**Supplied material**

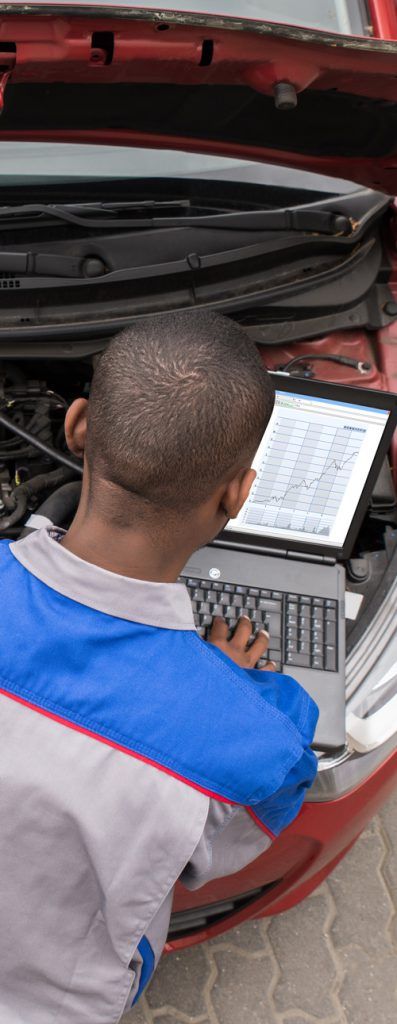 Mechanic diagnosing a vehicle using a pc - Tuning & Remapping in Glasgow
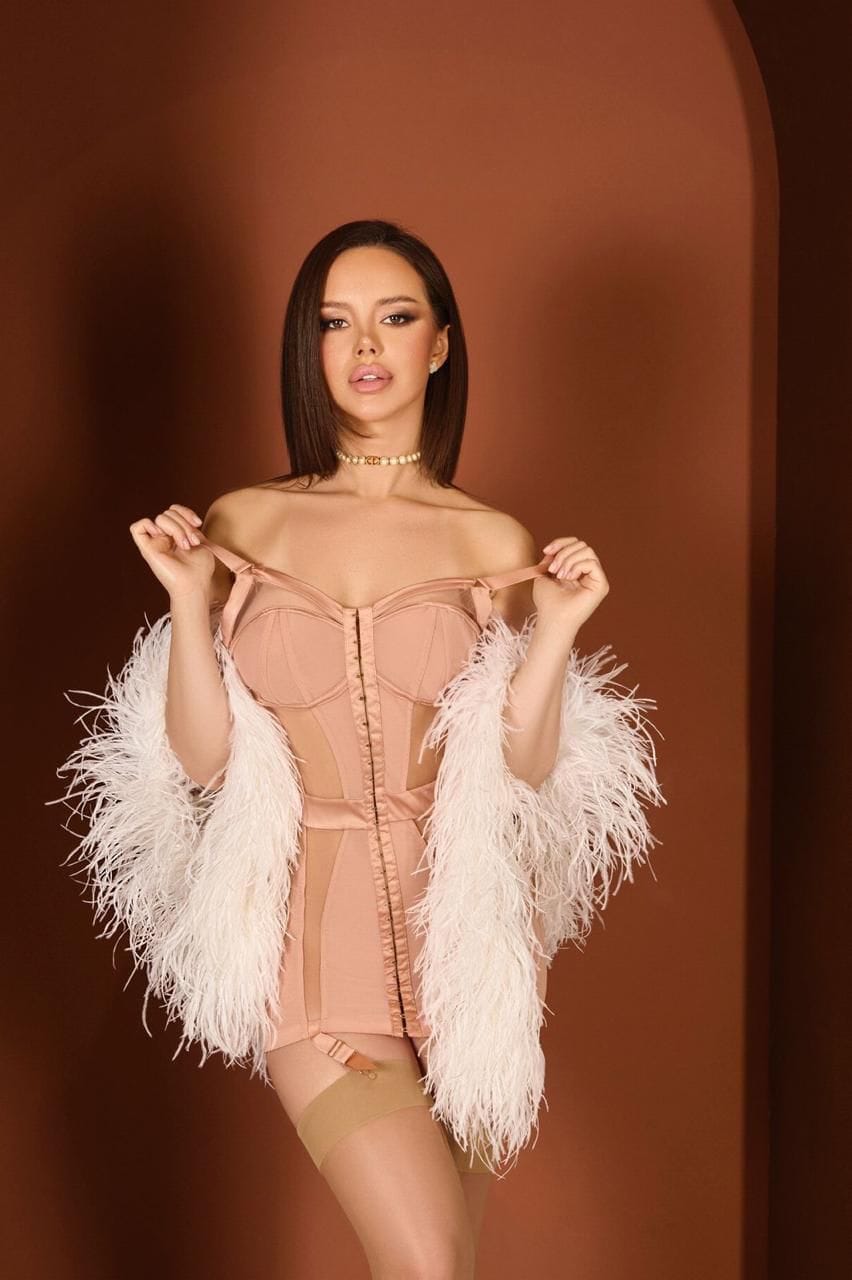 Woman in peach corset dress and white feather shawl.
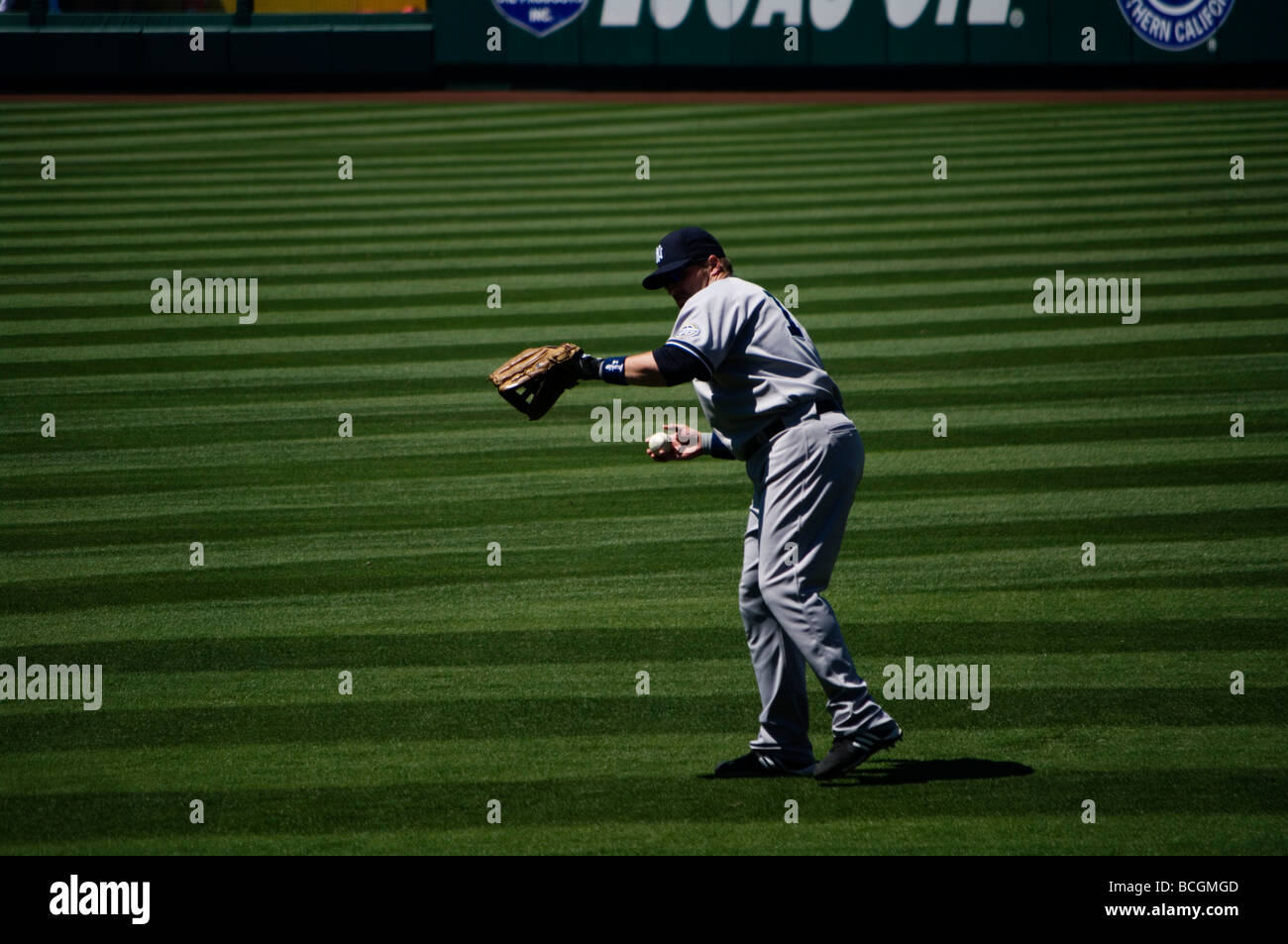 Erik Hinske warms up in right field between innings at an Anaheim/Yankees game. Stock Photo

**Assignment**
Return the material word for word, images omitted.

**Written answer**
 Mechanic diagnosing a vehicle using a pc - Tuning & Remapping in Glasgow
 Woman in peach corset dress and white feather shawl.
 Erik Hinske warms up in right field between innings at an Anaheim/Yankees game. Stock Photo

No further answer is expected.